The 1987 Constitution permits the President to impose martial law for up to 60 days but this can be extended by Congress if the invasion or rebellion persists and public safety requires it. Duterte’s martial law in Mindanao will lapse on July 23.

Armed Forces spokesman Brig. Gen. Restituto Padilla told a press briefing that security forces are still assessing whether to recommend the extension of martial law but he said five years may be too long.

“The Armed Forces, before it makes its recommendation to the commander-in-chief, must have enough basis, an intelligent basis, to make whatever recommendations there are for the extension or the lifting,” Padilla said.

He said the Armed Forces of the Philippines will soon submit to Malacañang its recommendation on whether to extend or lift martial law based on operational objectives it had set when martial rule was declared.

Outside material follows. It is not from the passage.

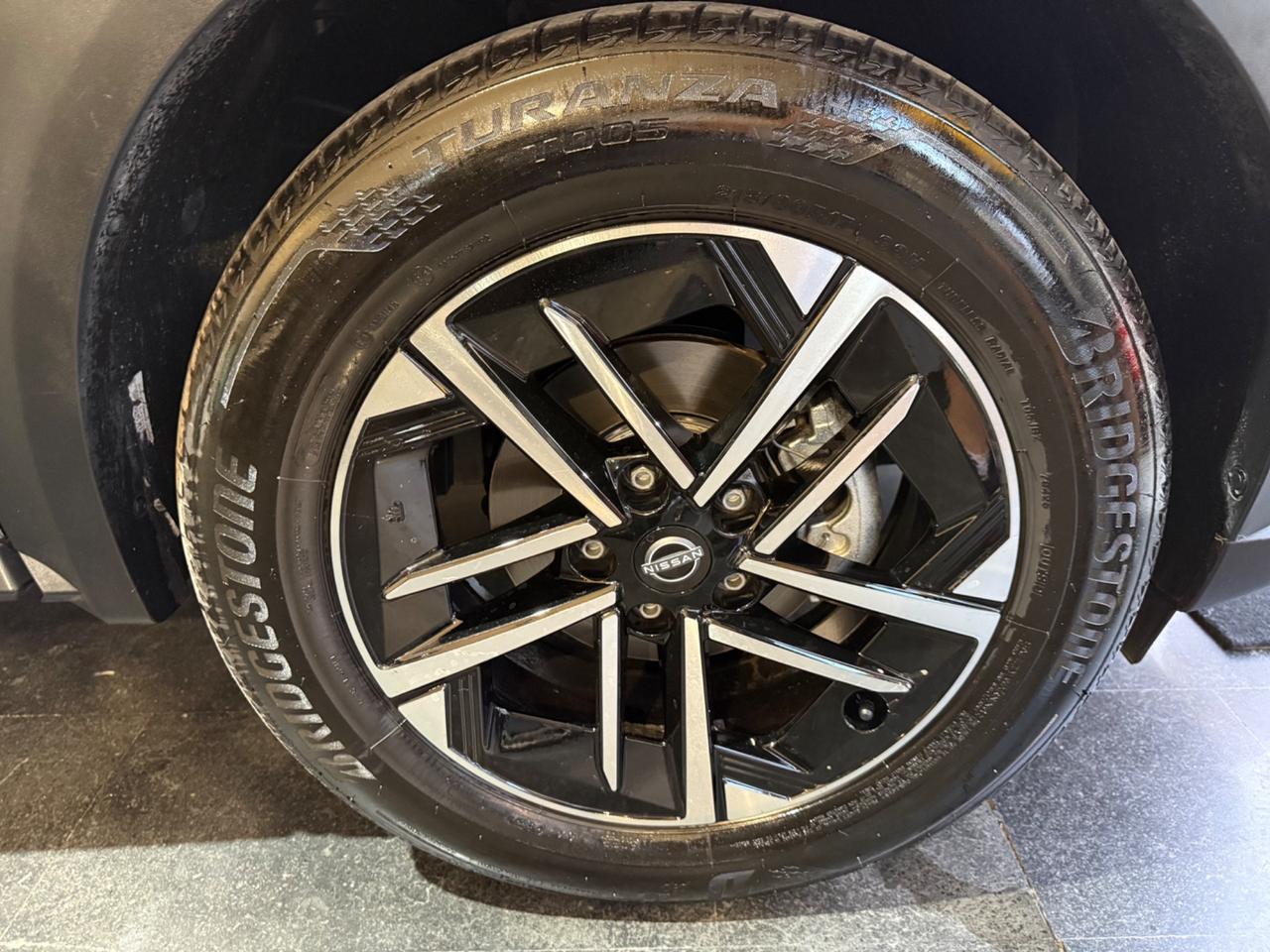 Nissan Juke 1.0 DIG-T 114 CV DCT Tekna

Senate Minority Leader Franklin Drilon earlier said the Constitution is clear that Congress has the power to extend martial law and the President may only recommend.

Chief Presidential Legal Counsel Sta. Romana Panelo, however, argued that in case Congress fails to extend the May 23 martial law declaration, Duterte can just issue another martial law proclamation since the Constitution does not explicitly state that the president can only declare martial law once.

Government offensives in Marawi City entered their eighth week last July 11 but the Islamic State-linked terrorists have shown no signs of giving up despite relentless bombings and ground operations of state troops.

From the original number of forces of about 500, the military said the number of terrorists still holed up in the city is now down to about 80. These include leaders of the Maute group and top Abu Sayyaf leader Isnilon Hapilon.

Padilla said even though government forces have made significant gains in the fight against terrorists holed up in the city, the security situation in the entire Mindanao will be considered in making recommendation on the extension of the martial law declaration.

The military has a hard time re-taking parts of Marawi still controlled by the terrorists, as snipers from the enemy side still lurk around the conflict zone. Government forces were also being careful in advancing towards enemy positions due to the presence of booby traps.